James P. Boyce, the first president of The Southern Baptist Theological Seminary, rejected the teaching that there will be a one-thousand-year period between the second coming of Christ and the final judgment. In his Abstract of Systematic Theology, he writes:

There is, however, one passage of Scripture which some claim teaches one resurrection of the bodies of the just, and another of those of the unjust; and places them at a wide interval apart, with numerous intervening parts. Those who maintain this view hold that the thousand years of the Millenium succeed the second coming of Christ, and the resurrection of the righteous. This passage constitutes the twentieth chapter of the book of Revelation. It is the record of that vision, in which John saw the angel bind Satan, in the bottomless pit, for a thousand years; during which the souls of the saints lived, and reigned with Christ. “This,” says John, “is the first resurrection.” v.5. On those having part in it, “the second death hath no power.” v.6. When the thousand years have expired, Satan shall be loosed out of his prison, and go out to deceive the nations. When the number of the forces which he gathers, which are like the sands of the sea, surround the camp of the saints, these forces will be devoured by fire from Heaven, and the devil cast into the lake of fire and brimstone. Then appears the great white throne, and the judgement of the dead, both small and great, and the judgement of the dead out of the books. And then death and Hades are cast into the lake of fire. “This,” says John, “is the second death.” v. 14.

It is readily admitted as to this passage that whatever is truly taught in it must be accepted as the word of God. But,

(1.) We must be careful how we receive any interpretation which does not accord with the rest of Scripture. Before doing so, we should examine thoroughly both the interpretation we wish to accept, and the views attained from other parts of the Word of God. We know that Scripture cannot contradict itself, when rightly interpreted. All its parts must, therefore, be carefully compared to see in what interpretation they agree.

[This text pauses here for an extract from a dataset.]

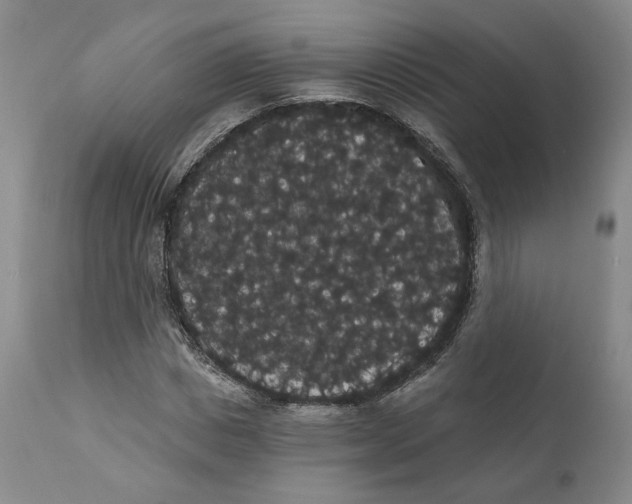 X0000111910825200908241024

(2.) If, after the best efforts to harmonize this with the other portions of God’s Word, it should seem to be irreconcilable with them, the apparent interpretation of this passage should yield to that of others; Not so much because it is one only, as compared with a great number; but because it is found in a book of highly figurative prophecy, in which the literal interpretation is not so justly to be pressed, as in others, which are not of this character, and in which the literal meaning is more apt to be the mind of the Spirit.

(3.) The language of this passage, however, is, at least, in some respects, opposed to the idea of two resurrections of the body; the first, that of the saints to reign with Christ for a thousand years, and the second, that of the wicked to judgement.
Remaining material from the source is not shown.